Highlighting the Role of Universally Available and Innate Immune Cell Counts in Acute Ischemic Stroke: A Scoping Review

Abstract

Stroke is one of the leading causes of adult disability and the second leading cause of death worldwide. The immune system actively participates in the pathobiological process of acute ischemic stroke (AIS), during the index event and the repair process. Research on neurovascular inflammation has created a renewed interest in the use of easily available biomarkers reflective of innate and adaptive immunological changes with potential diagnostic, prognostic, and therapeutic implications particularly in AIS. The current scoping review aimed to assess the significance the neutrophil to lymphocyte (NLR) in AIS and its related complications and explore their association with post-stroke recovery trajectory.
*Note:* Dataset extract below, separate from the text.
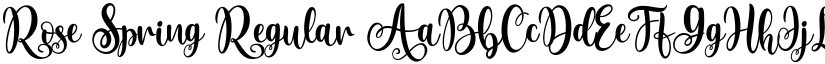 Rose Spring Regular font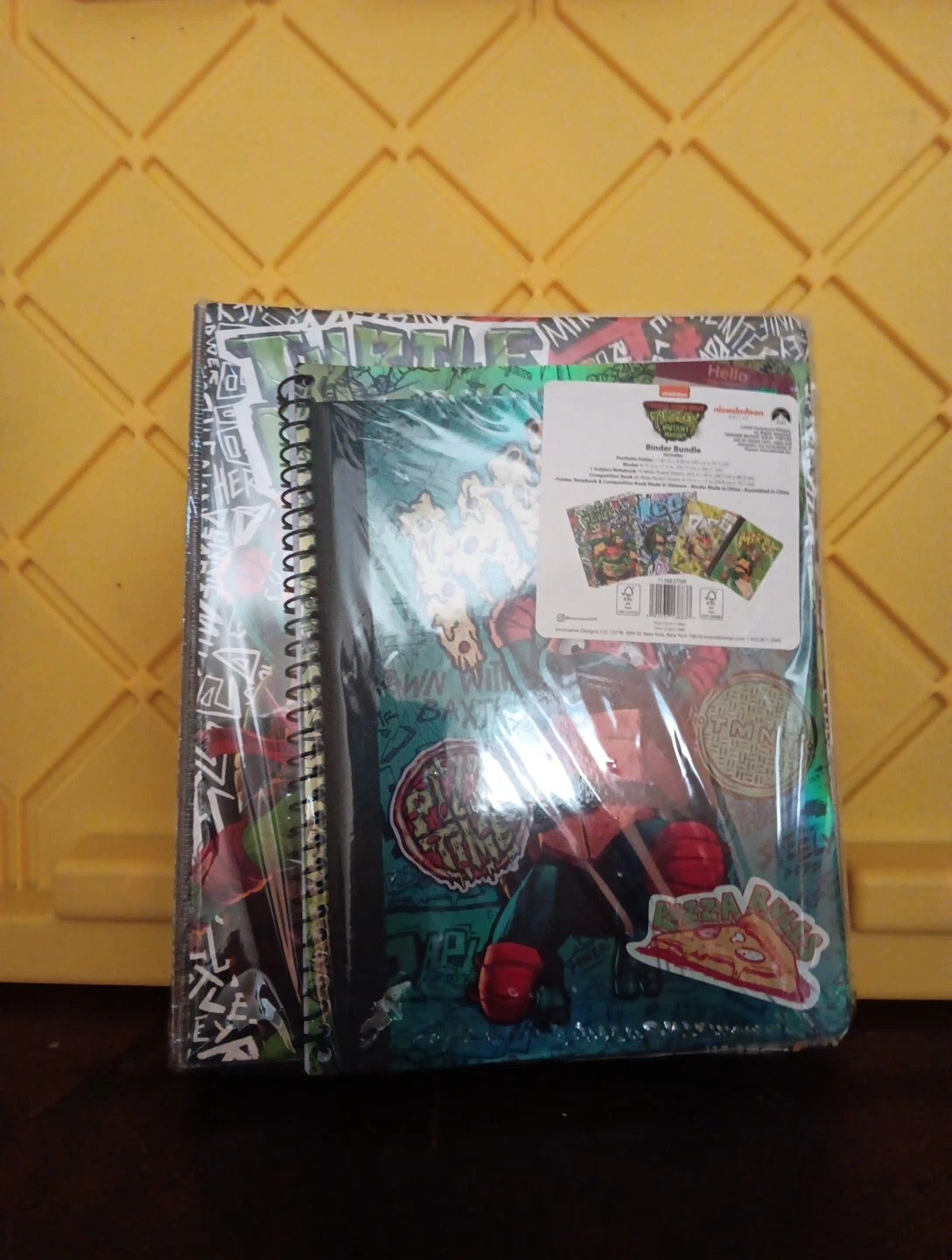 TMNT Binder Bundle Mutant Mayhem Mikey Includes 4 items 2023 New Sealed School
The Arksey and O’Malley methodological framework was employed to review the published papers on the neutrophil–lymphocyte ratio (NLR) and AIS in late November 2020. Only studies published in English from 2000–2020 were included in this scoping review. Fifty-three published papers were reviewed. This review’s key finding is that a canonical inflammatory response occurs in the hyperacute, acute, subacute, and chronic stages of stroke. An excessive circulating innate immune cells (neutrophils) and reduced circulating adaptive immune cells (lymphocytes) are associated with poorer outcomes during the acute interventions as well as the recovery trajectory. This scoping review’s findings highlights the utility of a systems biology-based approach in stroke care.